RNN

See Language Model & n-gram for basics of language modeling and shortcomings of non-neural language models.

Table of contents
  1. Fixed-Window Neural Language Model
  2. Recurrent Neural Networks
    1. Word and Word Embedding
    2. Hidden State
    3. Output
  3. Advantages and Disadvantages
    1. Advantages
    2. Disadvantages
  4. Cross-Entropy Loss

Fixed-Window Neural Language Model

Recall that a langauge modeling task takes in a sequence of words and outputs the probability distribution of the next word.

With the same Markov assumption as in n-gram models, we can take a fixed-size window of words (embeddings) as input, put it through a hidden layer, and output the probability with a softmax.

Same stuff, but the only difference is that while it was important for n-gram models to actually see the precise n-gram in the corpus, neural models can generalize better on unseen n-grams.

No sparsity problem as in n-gram models.

It is also more compact than n-gram models because we do not have to store the counts of n-grams.

However, the fixed-size window is still a limitation.


Recurrent Neural Networks

Recurrent Neural Networks (RNNs) can handle sequences of arbitrary length.

RNN

At each position, it takes the word embedding at timestep $t$ and the hidden state at timestep $t-1$ as input.

The same weight $W$ is reused at each step.

Word and Word Embedding

$\boldsymbol{x}^{(t)}$ is the one-hot encoding of the word at timestep $t$.

We will obtain the word embedding $\boldsymbol{e}^{(t)}$ by multiplying $\boldsymbol{x}^{(t)}$ with a word embedding matrix $\boldsymbol{E}$:

$$ \boldsymbol{e}^{(t)} = \boldsymbol{E} \boldsymbol{x}^{(t)} $$

Hidden State

$\boldsymbol{h}^{(0)}$ is the initial hidden state. It is usually initialized to zero.

And at each timestep $t$:

$$ \boldsymbol{h}^{(t)} = \tanh\left( \boldsymbol{W}_h \boldsymbol{h}^{(t-1)} + \boldsymbol{W}_e \boldsymbol{e}^{(t)} + \boldsymbol{b}_h \right) $$

Output

A vector of probabilities over the vocabulary, $\mathbb{R}^{|V|}$:

$$ \hat{\boldsymbol{y}}^{(t)} = \text{softmax}\left( \boldsymbol{W}_y \boldsymbol{h}^{(t)} + \boldsymbol{b}_y \right) $$


Advantages and Disadvantages

Advantages

  • Handle sequences of arbitrary length.
  • Model size doesn’t grow with input length.

Disadvantages

  • Computation is slow.
  • Performance degrades in the long term.

Cross-Entropy Loss

On each step $t$, we output the distribution of the next word $\hat{\boldsymbol{y}}^{(t)}$.

The loss function at step $t$ is the cross-entropy loss.
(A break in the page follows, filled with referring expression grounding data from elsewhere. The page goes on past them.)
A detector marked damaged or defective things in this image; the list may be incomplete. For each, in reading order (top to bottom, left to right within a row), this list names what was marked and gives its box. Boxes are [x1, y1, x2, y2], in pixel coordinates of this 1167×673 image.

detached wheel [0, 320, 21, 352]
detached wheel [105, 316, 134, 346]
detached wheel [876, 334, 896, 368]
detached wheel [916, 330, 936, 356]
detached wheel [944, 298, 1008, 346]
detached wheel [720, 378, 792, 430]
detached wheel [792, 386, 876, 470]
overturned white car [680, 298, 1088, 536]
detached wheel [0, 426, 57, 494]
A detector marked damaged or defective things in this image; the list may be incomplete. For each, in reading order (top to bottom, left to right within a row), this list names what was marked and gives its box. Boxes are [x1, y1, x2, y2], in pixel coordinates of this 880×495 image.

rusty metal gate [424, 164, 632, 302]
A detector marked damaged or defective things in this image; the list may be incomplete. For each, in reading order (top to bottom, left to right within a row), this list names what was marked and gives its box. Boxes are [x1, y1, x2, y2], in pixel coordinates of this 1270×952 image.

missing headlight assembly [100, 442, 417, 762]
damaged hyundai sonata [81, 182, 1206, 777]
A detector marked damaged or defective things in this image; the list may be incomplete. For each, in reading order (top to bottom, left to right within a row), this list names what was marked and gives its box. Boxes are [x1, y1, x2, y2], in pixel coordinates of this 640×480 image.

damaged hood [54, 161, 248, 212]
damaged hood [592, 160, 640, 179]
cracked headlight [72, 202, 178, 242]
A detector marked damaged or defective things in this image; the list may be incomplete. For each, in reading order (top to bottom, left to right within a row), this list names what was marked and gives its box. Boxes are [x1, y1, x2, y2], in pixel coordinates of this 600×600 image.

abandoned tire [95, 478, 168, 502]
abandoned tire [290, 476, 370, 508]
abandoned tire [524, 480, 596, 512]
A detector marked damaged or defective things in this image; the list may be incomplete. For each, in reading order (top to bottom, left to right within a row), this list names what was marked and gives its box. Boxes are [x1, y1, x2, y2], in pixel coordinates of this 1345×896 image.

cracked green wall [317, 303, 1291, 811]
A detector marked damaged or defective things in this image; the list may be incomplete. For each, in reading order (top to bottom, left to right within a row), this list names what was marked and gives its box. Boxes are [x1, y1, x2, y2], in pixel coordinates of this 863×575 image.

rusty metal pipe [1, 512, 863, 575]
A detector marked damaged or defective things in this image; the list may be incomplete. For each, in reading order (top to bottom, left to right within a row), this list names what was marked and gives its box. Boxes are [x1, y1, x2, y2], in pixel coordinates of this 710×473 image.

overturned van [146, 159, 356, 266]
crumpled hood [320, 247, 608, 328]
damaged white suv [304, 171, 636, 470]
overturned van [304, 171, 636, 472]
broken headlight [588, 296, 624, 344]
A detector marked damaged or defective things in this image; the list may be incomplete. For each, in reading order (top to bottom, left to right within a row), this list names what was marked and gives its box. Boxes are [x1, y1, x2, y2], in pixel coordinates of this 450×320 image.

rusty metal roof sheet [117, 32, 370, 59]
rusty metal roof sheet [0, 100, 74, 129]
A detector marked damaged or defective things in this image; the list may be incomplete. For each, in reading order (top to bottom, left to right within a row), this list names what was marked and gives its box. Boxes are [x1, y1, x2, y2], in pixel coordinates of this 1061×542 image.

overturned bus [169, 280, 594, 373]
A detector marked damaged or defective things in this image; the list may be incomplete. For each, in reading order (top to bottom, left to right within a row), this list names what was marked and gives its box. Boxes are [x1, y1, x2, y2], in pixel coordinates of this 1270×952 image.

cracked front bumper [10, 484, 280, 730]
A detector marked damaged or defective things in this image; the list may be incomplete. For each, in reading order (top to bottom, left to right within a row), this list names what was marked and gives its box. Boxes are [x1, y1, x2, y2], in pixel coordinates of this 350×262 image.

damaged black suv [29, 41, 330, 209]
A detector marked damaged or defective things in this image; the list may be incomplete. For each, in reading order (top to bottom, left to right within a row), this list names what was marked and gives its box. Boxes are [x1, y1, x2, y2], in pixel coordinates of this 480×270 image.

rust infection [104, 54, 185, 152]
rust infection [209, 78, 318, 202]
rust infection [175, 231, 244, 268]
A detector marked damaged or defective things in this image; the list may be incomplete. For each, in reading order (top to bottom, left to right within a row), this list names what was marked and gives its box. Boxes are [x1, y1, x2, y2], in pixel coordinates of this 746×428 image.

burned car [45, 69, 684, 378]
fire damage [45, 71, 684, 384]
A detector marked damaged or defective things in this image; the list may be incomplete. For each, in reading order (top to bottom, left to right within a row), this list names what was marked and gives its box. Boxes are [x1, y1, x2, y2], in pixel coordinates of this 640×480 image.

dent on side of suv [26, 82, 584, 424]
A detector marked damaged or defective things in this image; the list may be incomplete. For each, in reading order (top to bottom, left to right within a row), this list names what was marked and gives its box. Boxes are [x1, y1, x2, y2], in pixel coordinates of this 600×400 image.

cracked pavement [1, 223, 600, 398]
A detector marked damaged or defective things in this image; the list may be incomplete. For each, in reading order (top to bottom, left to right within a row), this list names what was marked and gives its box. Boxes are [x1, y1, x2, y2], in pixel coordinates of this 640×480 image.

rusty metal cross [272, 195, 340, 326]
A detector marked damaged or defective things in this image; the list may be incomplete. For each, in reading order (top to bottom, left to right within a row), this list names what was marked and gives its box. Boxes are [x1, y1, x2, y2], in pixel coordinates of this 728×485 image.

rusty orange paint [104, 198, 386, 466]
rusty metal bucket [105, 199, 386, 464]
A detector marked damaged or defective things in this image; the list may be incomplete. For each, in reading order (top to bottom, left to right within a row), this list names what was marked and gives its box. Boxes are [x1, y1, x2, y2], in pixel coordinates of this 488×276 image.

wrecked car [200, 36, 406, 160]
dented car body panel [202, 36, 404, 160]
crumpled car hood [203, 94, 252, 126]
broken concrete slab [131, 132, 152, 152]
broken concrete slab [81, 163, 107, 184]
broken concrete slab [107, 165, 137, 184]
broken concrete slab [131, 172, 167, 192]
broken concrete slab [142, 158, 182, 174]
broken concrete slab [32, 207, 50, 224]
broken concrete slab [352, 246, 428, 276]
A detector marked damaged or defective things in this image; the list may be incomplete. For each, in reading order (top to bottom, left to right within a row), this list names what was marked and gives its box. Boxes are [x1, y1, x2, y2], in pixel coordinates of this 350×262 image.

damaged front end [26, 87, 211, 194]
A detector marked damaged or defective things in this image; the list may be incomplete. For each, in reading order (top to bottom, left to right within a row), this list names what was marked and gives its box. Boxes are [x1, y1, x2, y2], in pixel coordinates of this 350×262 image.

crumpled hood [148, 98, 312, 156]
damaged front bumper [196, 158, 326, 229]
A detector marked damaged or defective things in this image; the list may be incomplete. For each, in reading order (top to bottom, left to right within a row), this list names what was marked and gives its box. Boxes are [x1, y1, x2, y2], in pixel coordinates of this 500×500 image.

The true distribution is $\boldsymbol{y}^{(t)}$ is the one-hot encoding of the next word $\boldsymbol{x}^{(t+1)}$:

$$ \begin{align*} J^{(t)}(\theta) &= - \sum_{w \in V} y_w^{(t)} \log \hat{y}_w^{(t)} \\[1em] &= - \log \hat{y}_{x^{(t+1)}}^{(t)} \tag{$\boldsymbol{y}^{(t)}$ is one-hot} \end{align*} $$

Total loss is the average of all step losses:

$$ J(\theta) = \frac{1}{T} \sum_{t=1}^T J^{(t)}(\theta) $$